Well, I did not panic at all during the first quarter last weekend. Nope, not one bit.

But in the end Michigan pulled off the comeback and now we can look at the numbers. Spoiler alert: they’re not quite as bad as you might think given how the first quarter played out.

Okay, let’s just rip the Band-Aid off and get the defensive numbers out of the way first.

Michigan gave up seven total big plays, four of which came in the first quarter. Colorado had four big run plays (10-yards or more) and three big pass plays (20-yards or more), which is right about in line with their season average of 6.5 big plays against per game coming in. After that horrendous first quarter, Michigan settled down and Colorado had just two runs of over 10-yards and only one big pass play, although it was a 70-yard touchdown pass. Hooray for a coaching staff that makes adjustments!

Through three games the 2015 Michigan defense gave up 4.33 big run plays per game, 1.33 big pass plays per game for a total of 5.67 big plays given up per game and a 9.19 percent big plays against percentage.

Adding in the Colorado numbers, the 2016 iteration of the Wolverines now gives up five big run plays per game (75th), 1.67 big pass plays per game (14th), for a total of 6.67 big plays per game (44th) and a big play against percentage of 10.26 percent. All are slightly higher than this point last year. Keep in mind that All-American cornerback Jourdan Lewis has yet to play this season and starting defensive linemen Taco Charlton and Bryan Mone have missed the last two games.

Michigan offense – 2015 vs 2016 first three weeks comparison
Year Big Run Plays Big Pass Plays Total Big Plays Big Play % Big Play Diff Toxic Diff
2016 20 16 36 16.98% 6.72% 18
2015 10 8 18 8.57% -0.62% -1
Michigan defense – 2015 vs 2016 averages
Year Big Run Plays/gm Big Pass Plays/gm Total Big Plays/gm Big Play % Big Play Diff Toxic Diff
2016 5 1.67 6.67 10.26% 6.72% 18
2015 4.33 1.33 5.67 9.19% -0.62% -1

Despite a slight uptick in big plays given up by the defense, Michigan’s offense fared quite well in the big play department against Colorado, with 10 total — four big running plays and six big passing plays. However, despite a solid offensive outing, Michigan’s 10 total big plays were less than their season average of thirteen. Let’s see how Michigan’s offense compares to last year through three games.

In 2015, Michigan averaged 3.33 big runs per game and 2.67 big passes per game, for a total of six big plays per game and a big play percentage of 8.57 percent.
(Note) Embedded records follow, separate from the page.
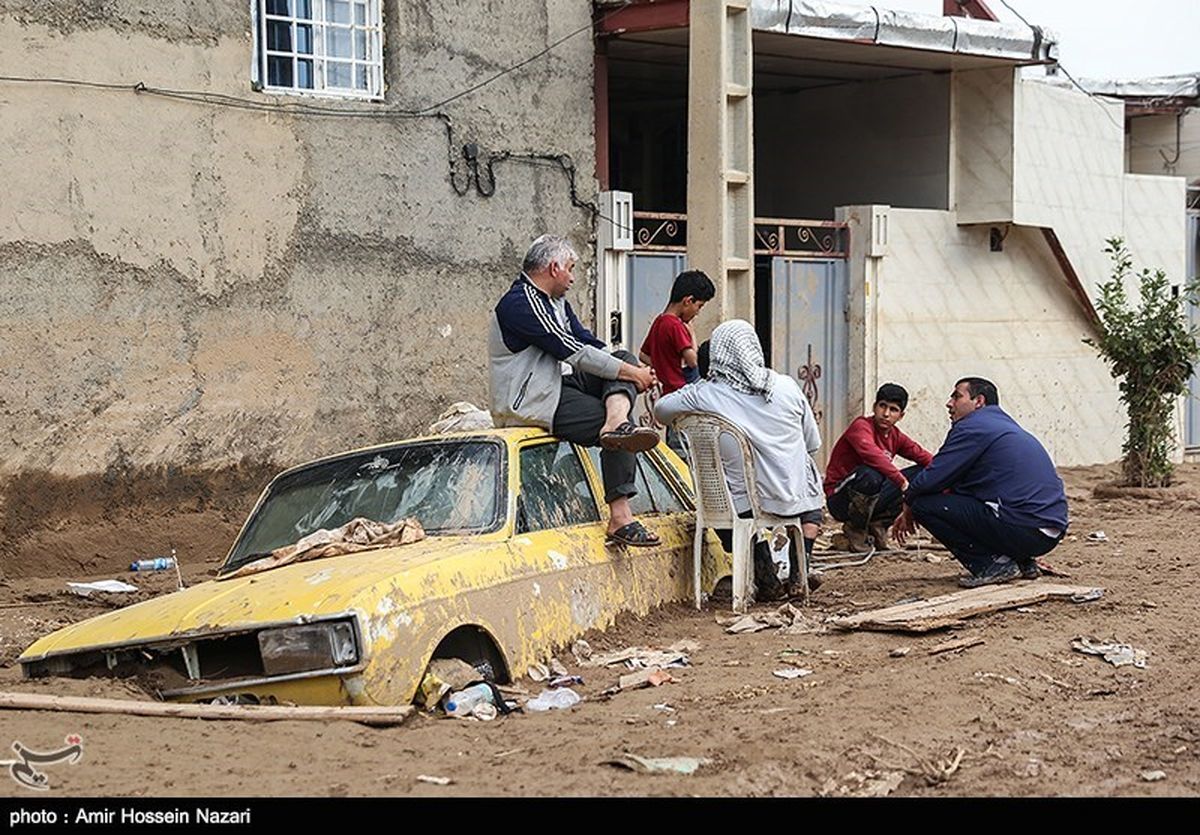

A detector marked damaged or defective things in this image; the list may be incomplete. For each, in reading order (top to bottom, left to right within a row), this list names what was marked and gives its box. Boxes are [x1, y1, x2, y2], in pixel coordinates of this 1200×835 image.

cracked plaster wall [0, 0, 600, 479]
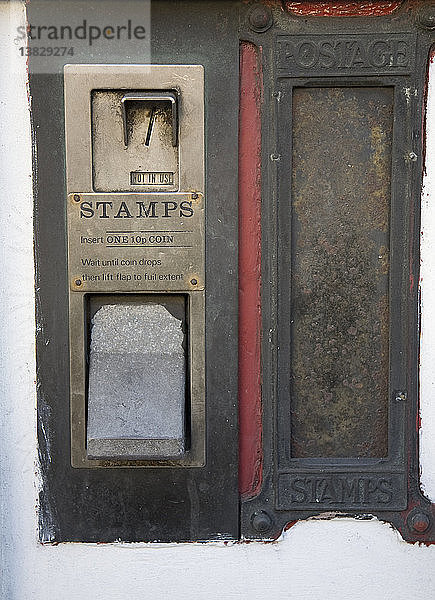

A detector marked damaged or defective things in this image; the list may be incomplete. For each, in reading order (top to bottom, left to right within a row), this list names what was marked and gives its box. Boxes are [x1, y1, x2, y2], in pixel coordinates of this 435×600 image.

rusted iron panel [292, 86, 394, 458]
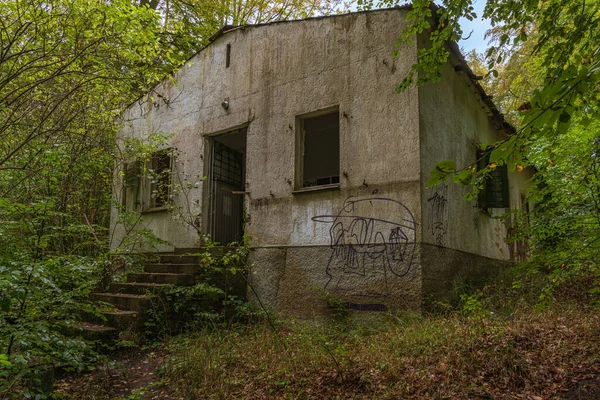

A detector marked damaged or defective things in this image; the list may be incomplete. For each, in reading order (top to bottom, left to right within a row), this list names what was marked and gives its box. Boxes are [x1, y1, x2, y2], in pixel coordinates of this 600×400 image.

broken window [147, 150, 172, 209]
rusty metal door [207, 142, 243, 245]
broken window [296, 106, 340, 188]
broken window [476, 147, 508, 209]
Through three games in 2016 Michigan has averaged 7.33 big run plays (19th), 4.67 big pass plays (21st), for a total of 12 big plays per game and a big play percentage of 16.98 percent (12th). That is literally double the amount of big plays on offense compared to last year and nearly double the big play percentage. Let that sink in for a moment. Michigan has had twice as many total big plays through three games this year than they did through three games in 2015. That is remarkable, even given any quality of opponent caveats.

Michigan’s big play differential is 6.72 percent (18th) and their total toxic differential is 18 (15th on a per game basis). Last year, those numbers were -0.62 percent big play differential and a total toxic differential of -1. I actually had to go back and double check my numbers because the difference was so glaring. I figured the offense would get better but this is just an astronomical improvement thus far.
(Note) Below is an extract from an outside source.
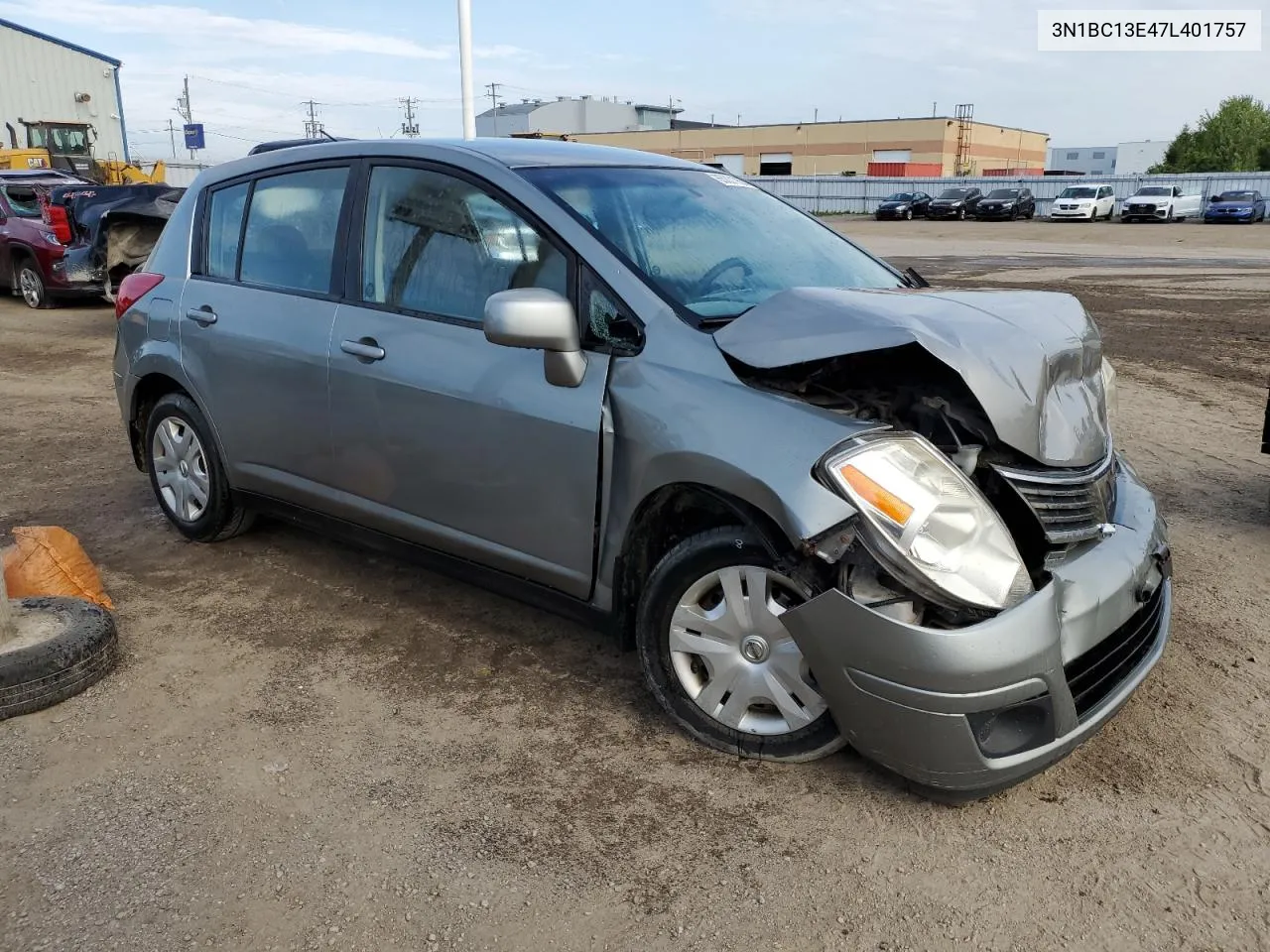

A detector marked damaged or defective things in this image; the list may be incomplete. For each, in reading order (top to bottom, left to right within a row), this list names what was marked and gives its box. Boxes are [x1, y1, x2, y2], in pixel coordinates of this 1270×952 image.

crumpled hood [715, 289, 1112, 472]
broken headlight [823, 438, 1031, 614]
damaged front end [715, 287, 1168, 791]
To sum up: through three games Michigan is giving up one big play more per game over last year (6.67 versus 5.67) while putting up twice as many big plays of their own (12 versus 6). Their big play differential has gone from a negative, -0.62 percent to a solid 6.72 percent and their toxic differential has taken a massive jump from -1 to 18. The toxic differential number is not inflated by a lot of forced turnovers either, which are mostly random anyway. Michigan is only plus-2 in that category. The jump is due to the plus-16 difference in big plays for/against compared to a plus-1 in big plays for/against at this time last year. This is not your grandfather’s three yards and a cloud of dust pro-style offense.

Michigan’s Week 3 big plays
Quarter Down & Distance Player Yards Gained Run/Pass
1 1st and 10 De’Veon Smith 12 Run
1 1st and 10 Jabrill Peppers 10 Run
1 1st and 10 Eddie McDoom 10 Run
1 1st and 10 De’Veon Smith 10 Run
2 1st and 10 Wilton Speight to Jake Butt 21 Pass
2 1st and 10 Jehu Chesson 17 (TD) Run
2 1st and 10 Wilton Speight to Amara Darboh 45 (TD) Pass
3 2nd and 7 De’Veon Smith 42 (TD) Run
3 1st and 19 Wilton Speight to Ty Isaac 21 Pass
3 3rd and 14 Wilton Speight to Grant Perry 54 Pass
Colorado’s Week 3 big plays
1 2nd and 12 Sefo Liufau to Devin Ross 37 (TD) Pass
1 2nd and 7 Phillip Lindsay 10 Run
1 1st and 10 Sefo Liufau to Bryce Bobo 50 Pass
1 2nd and 8 Phillip Lindsay 11 Run
2 2nd and 3 Phillip Lindsay 15 Run
3 1st and 10 Sefo Liufau to Shay Fields 70 (TD) Pass
4 2nd and 12 Steven Montez 10 Run

What stands out here is the obvious improvement in the offensive numbers. And of course, the slight regression in the big plays given up by the defense. Any concern we may have about the defense though has been mitigated by a massive explosion in offensive production.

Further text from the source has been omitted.